Le chemin est encore long

 

Comme on peut le voir, « The Expanse » a bien du mal à se détacher de la figure « héroïque » chère à un pays qui a souvent misé sur les personnages iconiques de son histoire pour le représenter. Certes, il ne s’agit pas ici d’un héros qui se place au-dessus des lois pour se faire justice lui-même tel qu’Eastwood aime les mettre en scène. De même, Holden ne se dresse pas (comme pouvait le faire John Wayne en son temps en repoussant symboliquement les Mexicains dans « Alamo ») en rempart de peuples susceptibles de nuire à l’intégrité des valeurs américaines. Non. Ici, le message porté est beaucoup plus ouvert à l’altérité et c’est tout à l’honneur de ses auteurs.
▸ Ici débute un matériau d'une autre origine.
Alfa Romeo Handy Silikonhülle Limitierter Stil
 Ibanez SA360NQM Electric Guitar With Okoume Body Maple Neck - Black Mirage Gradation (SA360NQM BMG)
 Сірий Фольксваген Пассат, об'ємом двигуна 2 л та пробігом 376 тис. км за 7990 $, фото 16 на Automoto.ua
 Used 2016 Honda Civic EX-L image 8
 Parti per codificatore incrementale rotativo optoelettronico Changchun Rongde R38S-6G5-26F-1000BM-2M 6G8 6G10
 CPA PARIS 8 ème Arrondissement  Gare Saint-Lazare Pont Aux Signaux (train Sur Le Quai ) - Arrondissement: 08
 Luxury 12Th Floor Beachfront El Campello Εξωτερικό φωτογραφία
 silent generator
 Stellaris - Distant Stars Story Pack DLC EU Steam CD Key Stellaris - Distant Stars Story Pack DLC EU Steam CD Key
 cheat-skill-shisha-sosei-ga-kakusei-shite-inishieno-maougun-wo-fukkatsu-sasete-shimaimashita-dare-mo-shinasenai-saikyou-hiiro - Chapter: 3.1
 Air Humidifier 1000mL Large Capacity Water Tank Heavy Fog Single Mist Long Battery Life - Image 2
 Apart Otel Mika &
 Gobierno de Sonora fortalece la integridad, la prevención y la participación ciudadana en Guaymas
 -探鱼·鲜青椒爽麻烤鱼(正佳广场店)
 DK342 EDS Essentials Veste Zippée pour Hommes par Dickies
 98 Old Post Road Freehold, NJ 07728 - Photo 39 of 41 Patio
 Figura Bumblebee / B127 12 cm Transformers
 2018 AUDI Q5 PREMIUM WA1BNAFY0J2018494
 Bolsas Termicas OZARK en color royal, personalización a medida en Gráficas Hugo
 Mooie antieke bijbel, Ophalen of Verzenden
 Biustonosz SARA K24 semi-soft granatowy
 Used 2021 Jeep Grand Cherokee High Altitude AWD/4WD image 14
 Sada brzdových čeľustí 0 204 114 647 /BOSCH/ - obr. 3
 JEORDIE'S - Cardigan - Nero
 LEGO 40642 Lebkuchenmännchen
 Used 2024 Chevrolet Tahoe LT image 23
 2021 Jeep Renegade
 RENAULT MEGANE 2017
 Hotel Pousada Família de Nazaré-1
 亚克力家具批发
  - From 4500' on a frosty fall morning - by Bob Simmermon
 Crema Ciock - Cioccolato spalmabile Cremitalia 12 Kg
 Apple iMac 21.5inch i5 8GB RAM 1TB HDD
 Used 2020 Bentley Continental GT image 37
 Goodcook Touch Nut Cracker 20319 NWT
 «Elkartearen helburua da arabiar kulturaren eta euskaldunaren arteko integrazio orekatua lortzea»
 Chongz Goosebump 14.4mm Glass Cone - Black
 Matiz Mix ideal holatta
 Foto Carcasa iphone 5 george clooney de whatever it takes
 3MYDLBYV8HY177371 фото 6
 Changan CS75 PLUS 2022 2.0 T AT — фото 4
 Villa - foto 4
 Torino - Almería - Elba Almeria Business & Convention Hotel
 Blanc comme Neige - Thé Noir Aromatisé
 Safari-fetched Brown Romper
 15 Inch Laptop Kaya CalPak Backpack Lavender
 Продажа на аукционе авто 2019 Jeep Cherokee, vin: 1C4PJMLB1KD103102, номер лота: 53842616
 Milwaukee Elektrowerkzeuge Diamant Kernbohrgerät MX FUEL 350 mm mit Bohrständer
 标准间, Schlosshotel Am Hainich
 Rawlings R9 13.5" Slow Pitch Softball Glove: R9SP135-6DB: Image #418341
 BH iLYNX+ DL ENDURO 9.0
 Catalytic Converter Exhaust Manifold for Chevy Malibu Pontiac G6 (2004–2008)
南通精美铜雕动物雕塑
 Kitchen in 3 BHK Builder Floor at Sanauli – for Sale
Mais si la paix est rendue possible, c’est qu’un ambassadeur divin issu de la chrétienté a porté un message inaccessible pour des mortels aveuglés par leur condition. En cela, s’il parait juste de penser que l’idéal américain d’impérialisme politique est en retrait dans les productions contemporaines, celui qui touche à la religion semble encore avoir de beaux jours devant lui. Une religion qui, ne l’oublions pas, est l’un des socles fondateurs de la Constitution des États-Unis d’Amérique.